Hunter David R, Li Runze
Department of Statistics, The Pennsylvania State University University Park, Pennsylvania 16802-2111, E-mail:
Ann Stat. 2005;33(4):1617-1642. doi: 10.1214/009053605000000200.
Variable selection is fundamental to high-dimensional statistical modeling. Many variable selection techniques may be implemented by maximum penalized likelihood using various penalty functions. Optimizing the penalized likelihood function is often challenging because it may be nondifferentiable and/or nonconcave. This article proposes a new class of algorithms for finding a maximizer of the penalized likelihood for a broad class of penalty functions. These algorithms operate by perturbing the penalty function slightly to render it differentiable, then optimizing this differentiable function using a minorize-maximize (MM) algorithm. MM algorithms are useful extensions of the well-known class of EM algorithms, a fact that allows us to analyze the local and global convergence of the proposed algorithm using some of the techniques employed for EM algorithms. In particular, we prove that when our MM algorithms converge, they must converge to a desirable point; we also discuss conditions under which this convergence may be guaranteed. We exploit the Newton-Raphson-like aspect of these algorithms to propose a sandwich estimator for the standard errors of the estimators. Our method performs well in numerical tests.

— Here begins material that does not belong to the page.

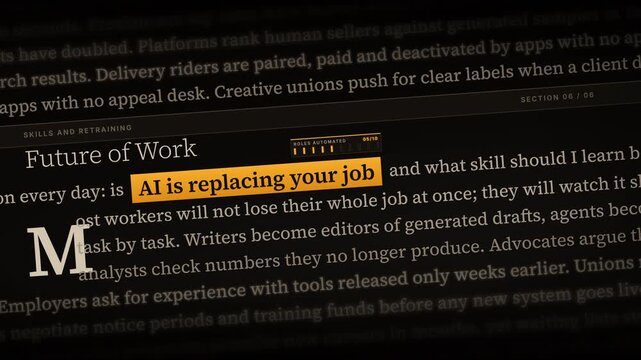 AI is replacing your job headline on a digital news screen discussing automation and workforce displacement.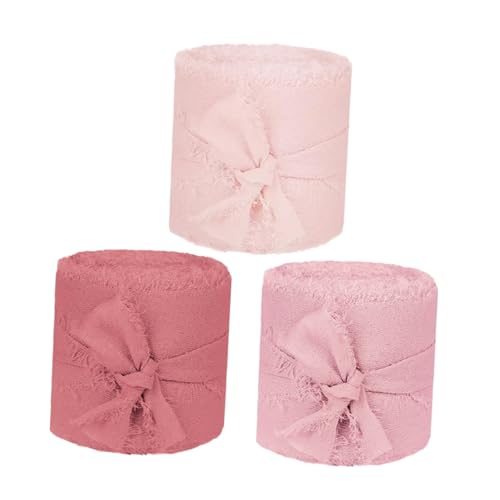 WRITWAA 3 Rollen Chiffonband Ausgefranste Hochzeitsbänder für Blumensträuße und Geschenkverpackungen pro Rolle für Kreative Diy Dekorationen WRITWAA 3 Rollen Chiffonband Ausgefranste Hochzeitsbänder für Blumensträuße und Geschenkverpackungen pro Rolle für Kreative Diy Dekorationen von WRITWAA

变量选择是高维统计建模的基础。许多变量选择技术可以通过使用各种惩罚函数的最大惩罚似然来实现。优化惩罚似然函数通常具有挑战性,因为它可能不可微和/或非凹。本文提出了一类新的算法,用于为广泛的惩罚函数找到惩罚似然的最大化者。这些算法通过对惩罚函数进行轻微扰动使其可微,然后使用最小化-最大化(MM)算法优化这个可微函数来运行。MM算法是著名的EM算法类的有用扩展,这一事实使我们能够使用一些用于EM算法的技术来分析所提出算法的局部和全局收敛性。特别是,我们证明了当我们的MM算法收敛时,它们必须收敛到一个理想点;我们还讨论了可以保证这种收敛的条件。我们利用这些算法类似牛顿-拉夫森的方面,为估计量的标准误差提出了一种三明治估计量。我们的方法在数值测试中表现良好。